Let’s get real about keeping that booty squeaky clean, and explore the products you need to prep it for action! We’re talking about douching: the hygienic practice of rinsing out the anal canal with water, prior to anal sex or play.

While a healthy, high-fibre diet can help, some people prefer to douche before anal sex to minimise any potential mess. This is a personal choice, most bottoms (recievers of anal sex) douche their bums to provide themselves a peace of mind (i.e. “better safe than sorry") and we agree. It’s better to come prepared than not at all!

Before we get into the nitty-gritty of what products you need to keep things clean and comfortable, it’s important to know that it takes patience and some practice to learn how douching works, and sometimes things might not go as planned.

Keep an open mind and try not to get too squeamish about these things; a good sense of humour can go a long way. Now, let’s gear up that ass for a little spa treatment. Squeaky-clean bum, here we come!

What do I need to start douching?
Pushing a stiff nozzle up your bum (without lube) can cause ripping and tearing in places we don’t want. Not only will it be painful, but it can increase your risk for sexually transmitted infections. Therefore, we’re gonna need two things to start: a quality lubricant and a douche.

Lubricant is going to be your best friend when it comes to putting anything up your butt. Not using enough lube can significantly raise your chances of irritation and tears, so use lots (and lots) of it.

Silicone lubricant is going to be your best bet, it lasts much longer than water-based lubricant and you won’t need to reapply as much. Before you start, lube yourself and your douche’s nozzle generously.

Which douche should I start with?
Beginner-friendly douche kits are widely available at sex shops, ours included. Shower douches or hose attachments are only recommended for absolute pros, those who practice douching on the regular (hey gays, we see you). At Newside, we offer three different douches for you to choose from:

  1. Aneros' Prelude Enema Bulb Kit

    This enema bulb is crafted from medical-grade silicone and boasts a unique slow-flow, one-way nozzle. This means liquid is introduced gradually and comfortably, steering clear of any uncomfortable cramping or messy blackflow. Out of the three options we have at Newside, this douche takes the crown for being the most user-friendly, particularly when it comes to insertion, thanks to its small-sized nozzle.

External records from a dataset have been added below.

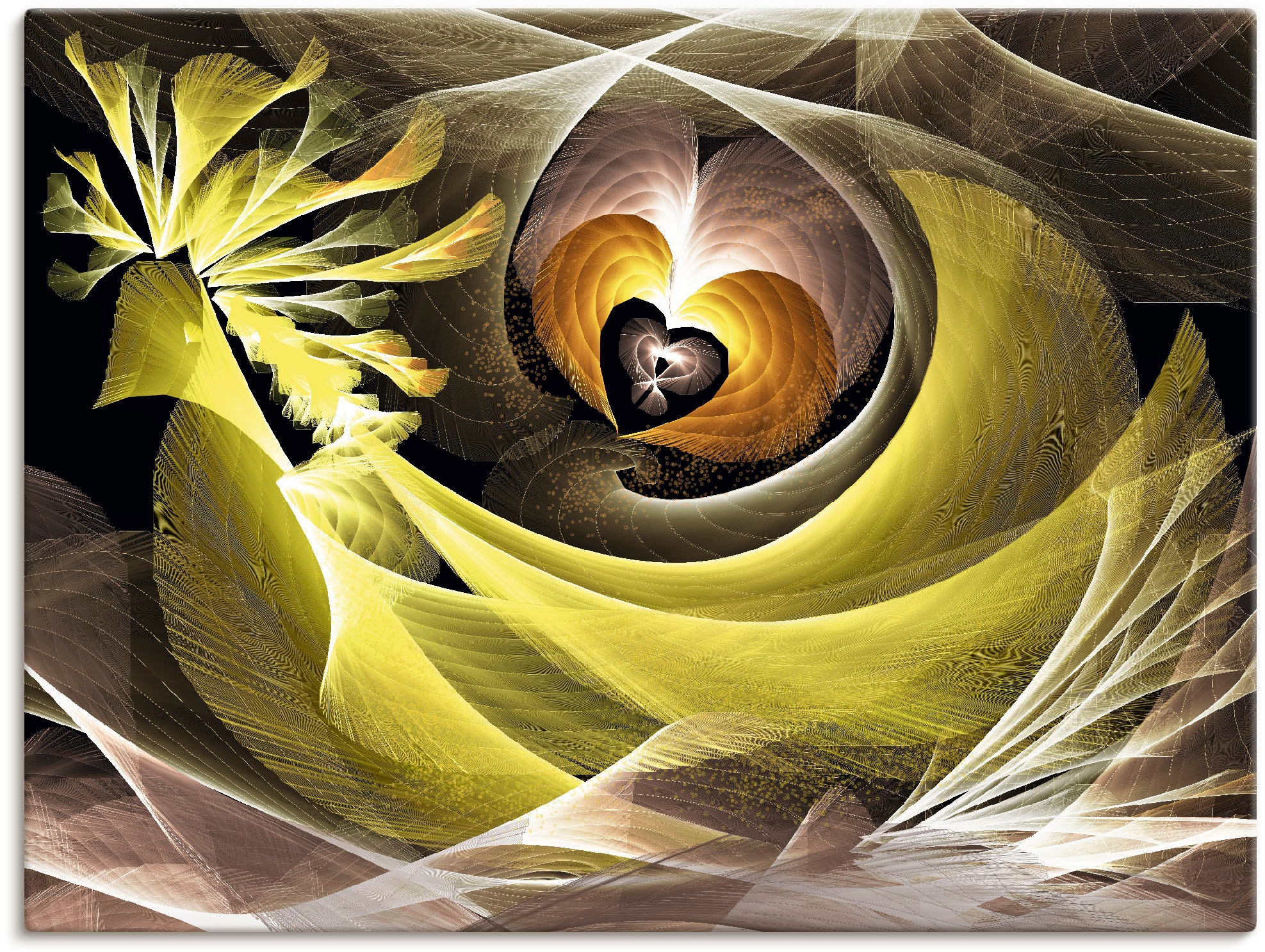 Artland Wandbild »Magischer Vogel mit Wandaufkleber Alubild, in | als versch. BAUR Animal (1 St.), oder Größen Poster Herzen«, bestellen Fantasy, Leinwandbild
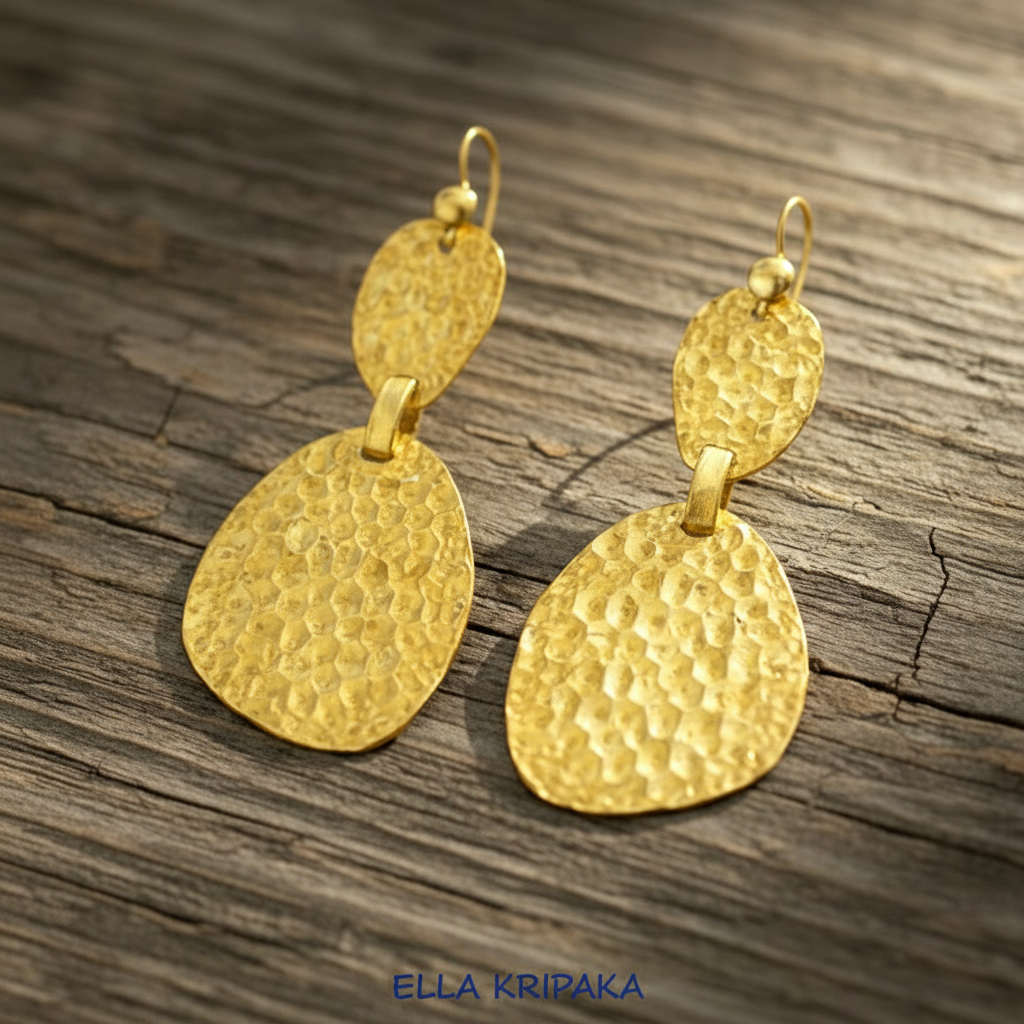 Hammered 24k 9999 Gold 9.2g &25.5g Organic Uneven Earrings Textured
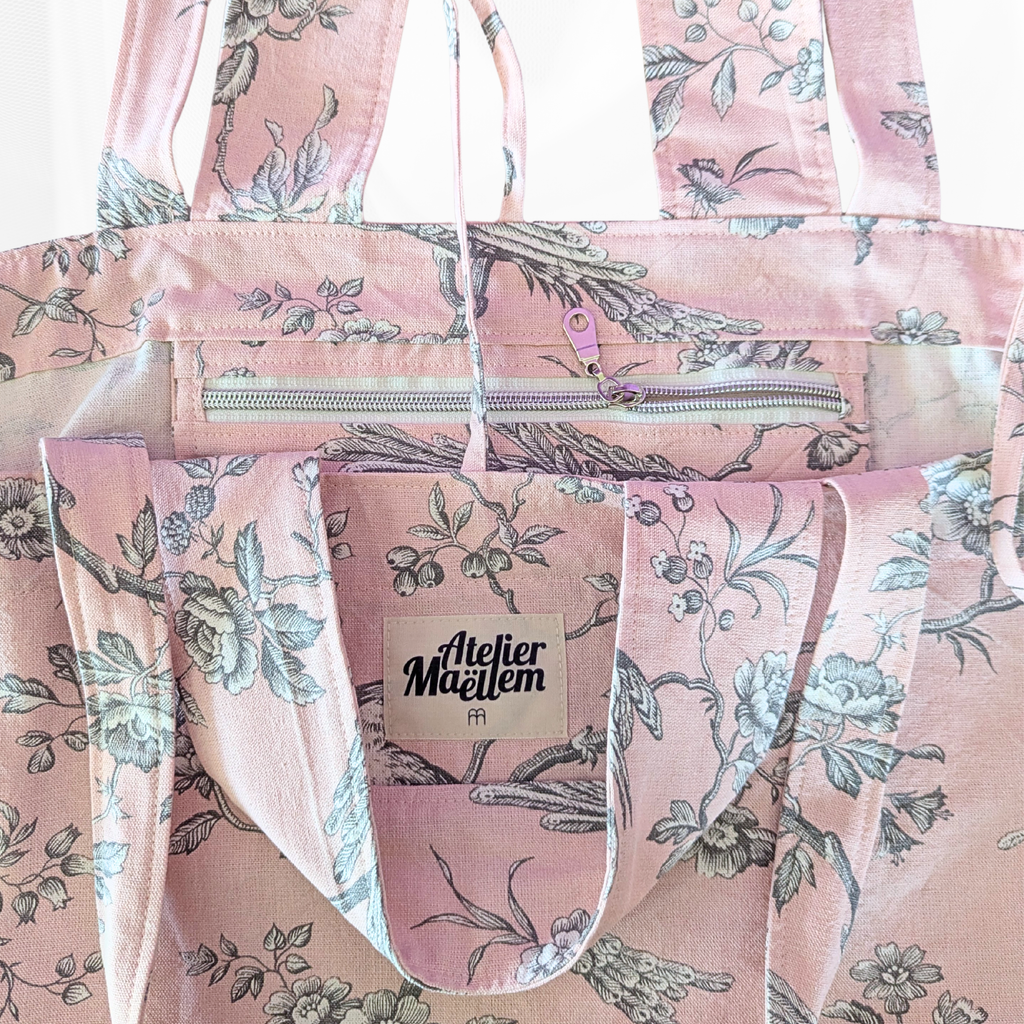 Sac cabas - L'Essentiel - Poétique rose Atelier Maellem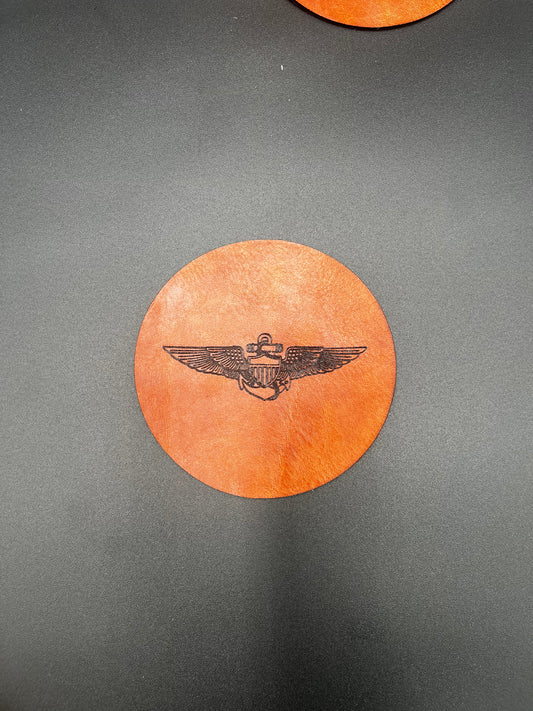 Leather Coasters - Naval Aviator Wings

  2. Renegade's Body Cleanser or Deluxe Cleanser

    Renegade's Deluxe Cleanser is the upgraded version of its classic douche, the Body Cleanser. They both come with removable nozzles for easy cleaning, but the Deluxe Cleanser has more of a body-conscious shape, featuring a greater tilt. Fair warning to beginners, you will get a larger bulb with this option (a larger bulb means you can hold more water) but that also means a larger nozzle. It’s a deeper clean than the enema bulb, but a bit more challenging to insert.

Frequently Asked Questions
Now that we’ve got the products you’ll need down, let’s answer some underlying questions you might have:

  1. Can I use soap or other additives in the water?
    The short answer is no. You can’t use soap, olive oil, bleach, alcohol, or anything else you can find under your sink. For anal douching, it's best to use plain, lukewarm water.

    The reason being that your body maintains a delicate balance of electrolytes to function normally, and using the right type of liquid to clean out your butt is important. It’s either tap water or normal saline (a water mixture with the right amount of sodium electrolyte), those are your only two options.

  2. How often should I douche?
    Well, you don’t want to over do it. Even if you douche with the right water, the right temperature, and the right lubricant and douche, you can still damage the lining in your butt. This can put you at a much higher risk of getting an infection from your partner.

    There’s no safe, magic number for douching, but try and limit yourself to once a day for two or three days a week.

  3. Is it normal to feel discomfort while douching?
    It’s normal to feel a slight discomfort, especially for beginners. But pain is not normal, and if you’re experiencing it whilst douching, please stop immediately and consult a healthcare provider.

    It might be that you have hemorrhoids or anal fissures, and anal douching isn’t a good idea if you have either of these. It will cause more pain, and you can possibly injure yourself further if you continue to douche.

Anal douching is a game-changer to anyone curious about exploring anal sex, or to those who simply want an added touch of cleanliness. By understanding the types of anal douches available, following safety precautions and using step-by-step instructions, you can douche confidently and safely.

Bonus tip if you’re more of a visual learner: the best, illustrative guide we’ve come across to anal douching is linked here. You're welcome, and have fun besties!